Mr. Killion and his father were the first to sell pollen traps and pollen substitutes. They were the first to package comb honey in plastic.  They also were the first in developing roadside seeding of highways to attract pollinating insects. They experimented with freezing royal jelly to enable grafting early queen cells. They hold a patent on the Killion Comb Honey Super and developed a change in the slatted rack used in a deep bottom board. They bred a special comb honey stock bee that produced a certain capping finish on honeycomb. They supplied royal jelly used in early cancer research.

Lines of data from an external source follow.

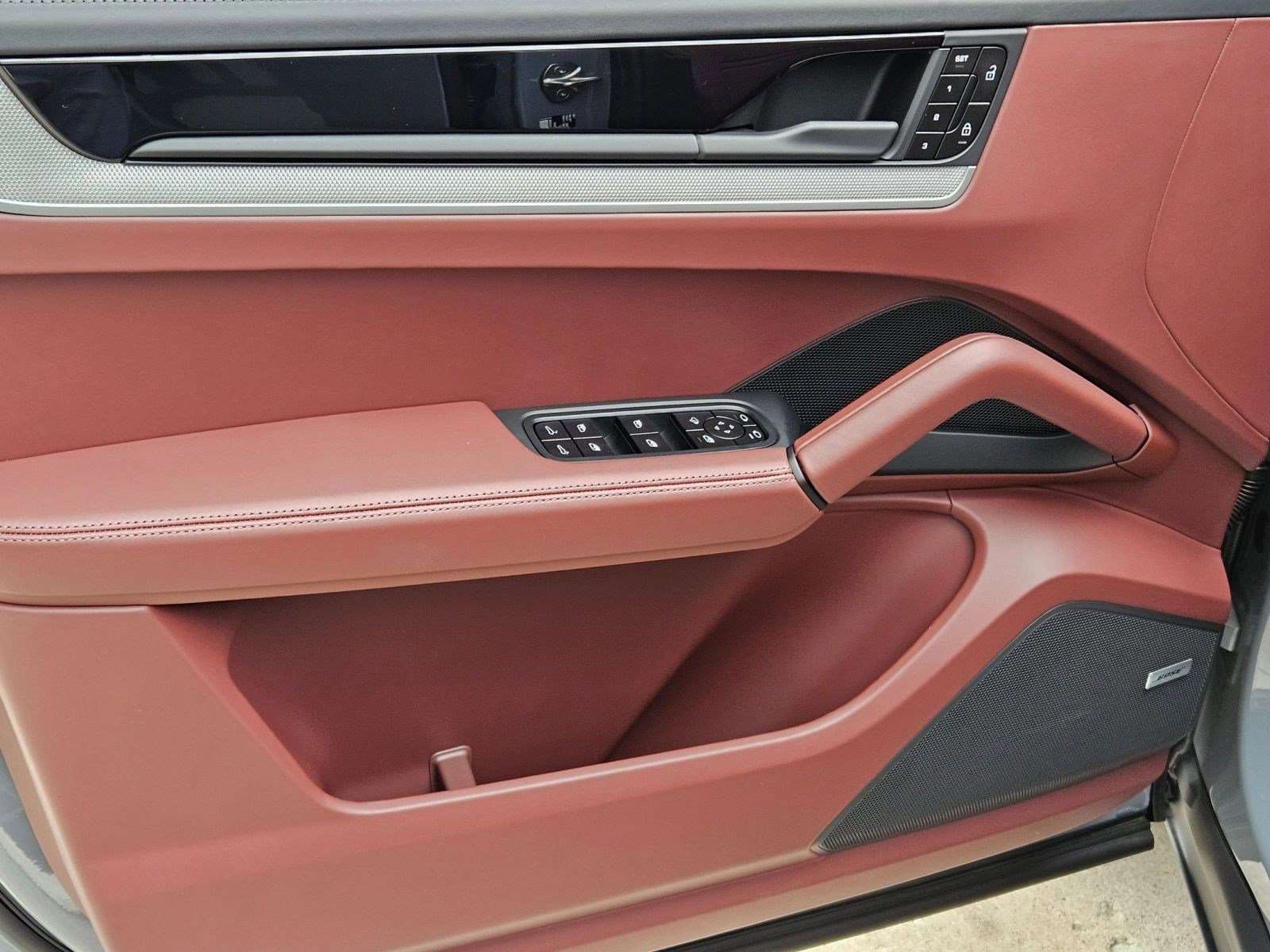 New 2026 Porsche Cayenne Coupe image 13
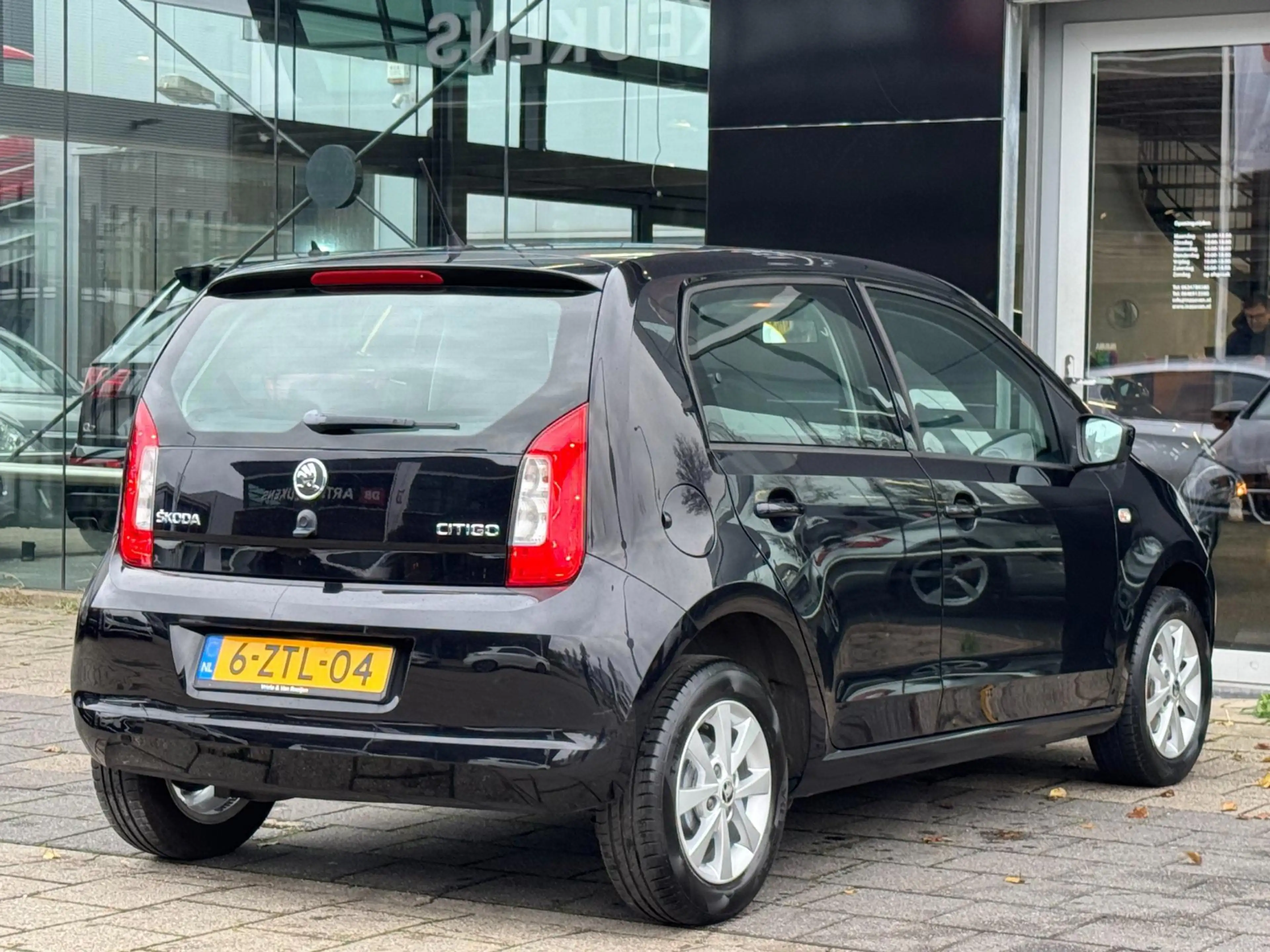 Skoda Citigo 1.0 Greentech Monte Carlo — photo 6
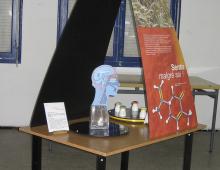 Vue d'une table avec expériences et panneaux de l'exposition Des odeurs aux parfums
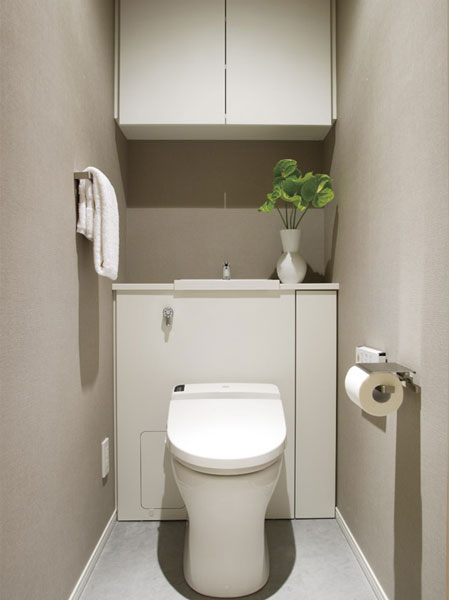 Bathing-wash room.  [Storage-integrated toilet and bidet] Water-saving type of storage-integrated toilet. On the toilet seat the rear of the cabinet, Low tank and feed water pipe, Built-in storage. With a wide space, Will be easier to clean around and the floor of the tank (excluding the premium dwelling unit). Also, Wireless remote-controlled hot water heating cleaning toilet seat, It has adopted a bidet of TOTO. (Model Room: Superior S-70O type)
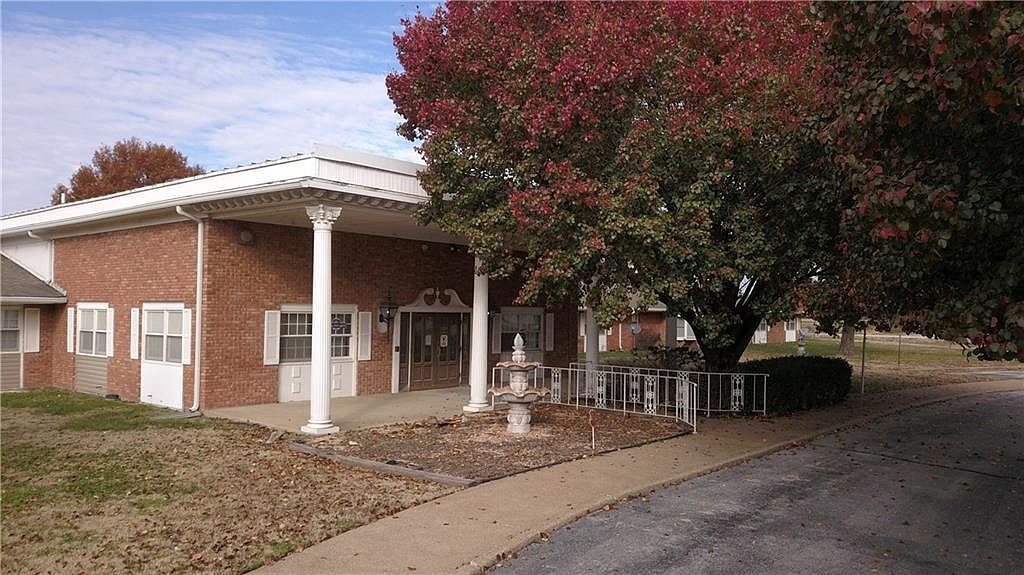 511 N Western Ave Girard, KS 66743 - Thumbnail 4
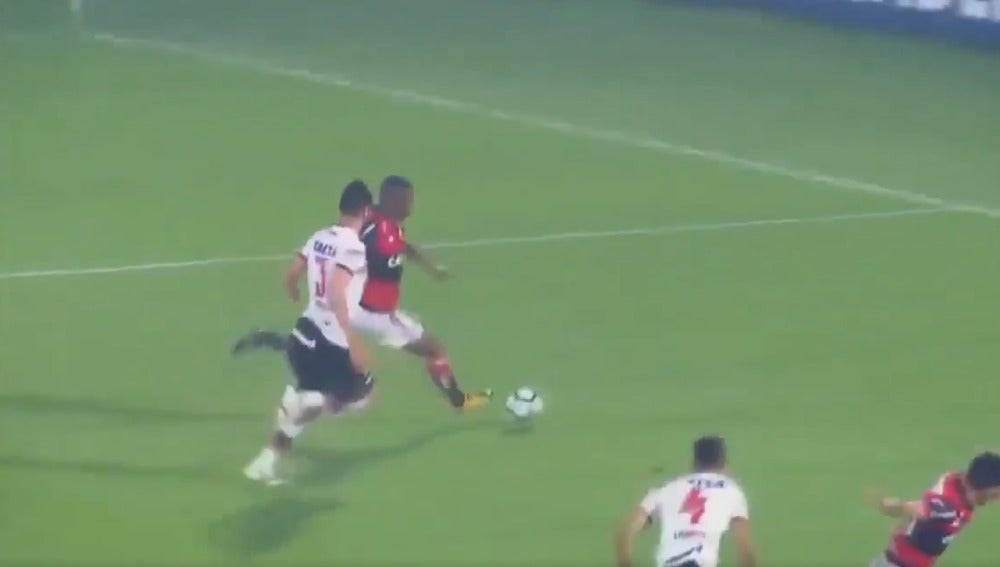 Vinicius, durante un partido con el Flamengo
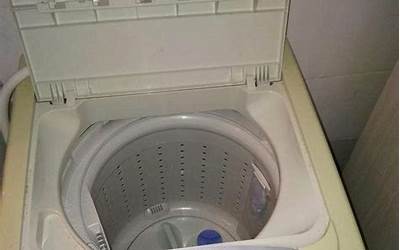 美的洗衣机e3是什么故障（洗衣机显示e3解决方法）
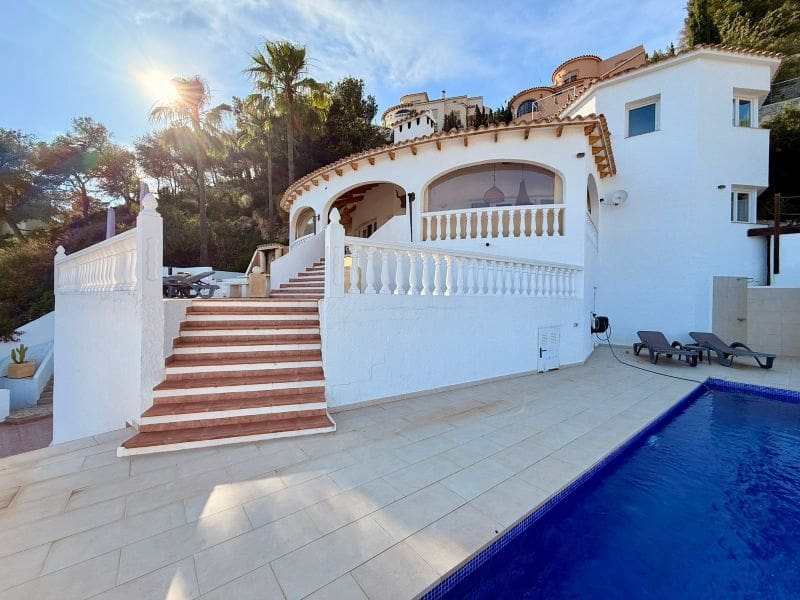 4 soverom Villa til salgs i Teulada-Moraira med svømmebasseng garasje - € 980 000 (Ref: 9015630)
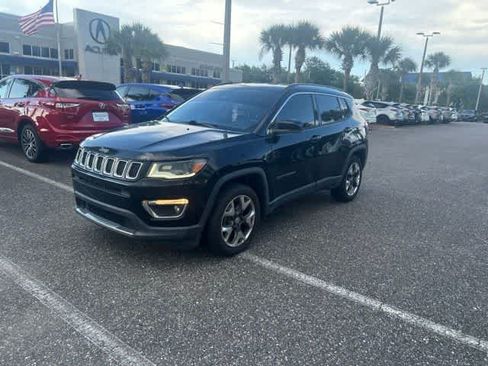 Used 2018 Jeep Compass Limited w/ Navigation Group AWD/4WD image 3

Honors bestowed upon Mr. Killion have included two Governor Certificates of Appreciation for his work in the Illinois Department of Agriculture; being commissioned a Kentucky Colonel by the beekeepers of Kentucky; accolades from the United States Department of Agriculture for contributions to the honey industry; Outstanding Achievement Award by Illinois Department of Agriculture; Rotary Club Citizen of the Year; Governor’s Award for the Killion’s 50 years of service as Superintendent of the Bee and Honey Exhibits at the Illinois State Fair; United States Department of Agriculture Superior Service Award for outstanding contribution to the apiary industry of the United States; Leadership Award by Illinois Apiary Inspectors; Distinguished Service Award from Apiary Inspectors of America; American Beekeeping Federation President’s Award for contributions to the leadership of ABF; Certificate of Appreciation from USDA-APHIS innovative involvement in Tracheal and Varroa mite surveys; two Certificate of Appreciation awards from Illinois State Beekeepers Association; Certificate of Appreciation from American Honey Producers Association; awarded life membership by Illinois Congress of Parents and Teachers; Certificate of Appreciation by Senator Harry Woodyard and the State of Illinois for his work as Chief Apiary Inspector for Illinois; Certificate of Appreciation from Illinois Fruit and Vegetable Growers Association; Certificate of Appreciation from SAHR (Department of Agriculture Mexico) for conducting beekeeping classes before the arrival of the Africanized Honey Bee in Mexico; Illinois Beekeeper of the Year; and Pioneer Award by the Illinois State Beekeepers Association. 

Mr. Killion was instrumental in fulfilling his father’s dream of having the United States Postal Service honor the honeybee on a postal issue with first day issue, festival and ceremonies held in Paris on Oct. 10, 1980.